20-летняя история фестиваля NET — это дайджест большого пути, который за первые две декады XXI столетия прошел европейский (а вместе с ним отчасти и отечественный) театр. Придуманный и делающийся критиками, NET в своих событиях и темах отразил сложную смесь театрального поиска и прагматики, связанной с талантом кураторов угадывать и распознавать тренды. Так выглядел, если обернуться назад, и сам театральный процесс — с его героями-экстремалами и мейнстримом, с сознательными рисками и наезженной колеей, проложенной мэтрами. Фестиваль родился как почти стихийная культуртрегерская инициатива группы театральных критиков (Василка Бумбарова, Марина Давыдова, Роман Должанский, Алена Карась, Наталья Якубова), но через год «захлебнулся» из-за отсутствия финансирования и административной структуры. В 2001 году фестиваль был возрожден Мариной Давыдовой и Романом Должанским, став едва ли не первым примером авторского, кураторского проекта на российском фестивальном рынке.

Фестиваль NET, переживавший разные времена, никогда не слыл маргинальным. То маргинальное, что присутствовало в его афише, обрамлялось известным, статусным и таким образом получало нужное усиление. Составляя программу из имен больших, известных и имен, незнакомых ни российскому зрителю, ни профессиональному сообществу, арт-директора всегда настаивали на своем. И публика, преданная фестивалю с самого начала, шла на все — этот поразительный эффект доверия сложился в силу естественной чистоты умыслов и высоты культуртрегерской миссии, которыми обладали и обладают кураторы Марина Давыдова и Роман Должанский. Именно их усилиями и подлинным энтузиазмом, а еще — острым зрением на современное искусство обеспечена жизнь NET. Так происходит и сегодня, когда часть государственного бюджета была вынута из фестиваля, а значит — обрекла арт-директоров на сложную жизнь фандрайзеров, которые своим личным реноме подписываются под каждым годом.

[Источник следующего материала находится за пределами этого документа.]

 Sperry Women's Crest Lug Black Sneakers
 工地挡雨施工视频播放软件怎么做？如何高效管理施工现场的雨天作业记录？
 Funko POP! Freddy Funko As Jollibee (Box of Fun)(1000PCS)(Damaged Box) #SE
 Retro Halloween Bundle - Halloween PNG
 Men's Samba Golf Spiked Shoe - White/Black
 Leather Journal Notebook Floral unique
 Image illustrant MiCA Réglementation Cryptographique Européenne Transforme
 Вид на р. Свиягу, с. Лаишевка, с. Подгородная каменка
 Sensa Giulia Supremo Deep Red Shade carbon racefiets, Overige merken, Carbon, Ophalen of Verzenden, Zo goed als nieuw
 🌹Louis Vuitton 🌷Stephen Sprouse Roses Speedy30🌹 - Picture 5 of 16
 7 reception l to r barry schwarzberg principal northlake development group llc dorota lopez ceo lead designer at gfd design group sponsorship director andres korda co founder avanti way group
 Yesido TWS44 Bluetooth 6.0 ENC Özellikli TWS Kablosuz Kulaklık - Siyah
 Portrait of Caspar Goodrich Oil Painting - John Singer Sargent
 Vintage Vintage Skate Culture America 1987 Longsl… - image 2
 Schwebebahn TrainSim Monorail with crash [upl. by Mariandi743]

Доверие зиждилось на добровольно делегированном конкретным критикам праве быть экспертами там, куда мало и нерегулярно ступала нога всех остальных. Эти — ездили, были в контексте, участвовали во всех европейских смотрах, видели все, знали всех. Любопытно, что статьи о фестивальных спектаклях тоже часто написаны теми, кто их выбрал и привез, — это было не лоббированием, а проявлением чистого интереса и любви к объекту. Критики программировали аудиторию, настаивали на своем — и во многом определили тренды, формировавшиеся тогда на отечественном поле. Какими они были и влиял ли фестиваль на реальную жизнь российского театра?

Изучая 20-летнюю хронику NET, можно все же сказать, что в ней сходятся очень разный театр и очень разные художники — просто кое-кто из них с годами стал знаменем мейнстрима, а кто-то и по сей день разрабатывает и отстаивает авторскую концепцию искусства.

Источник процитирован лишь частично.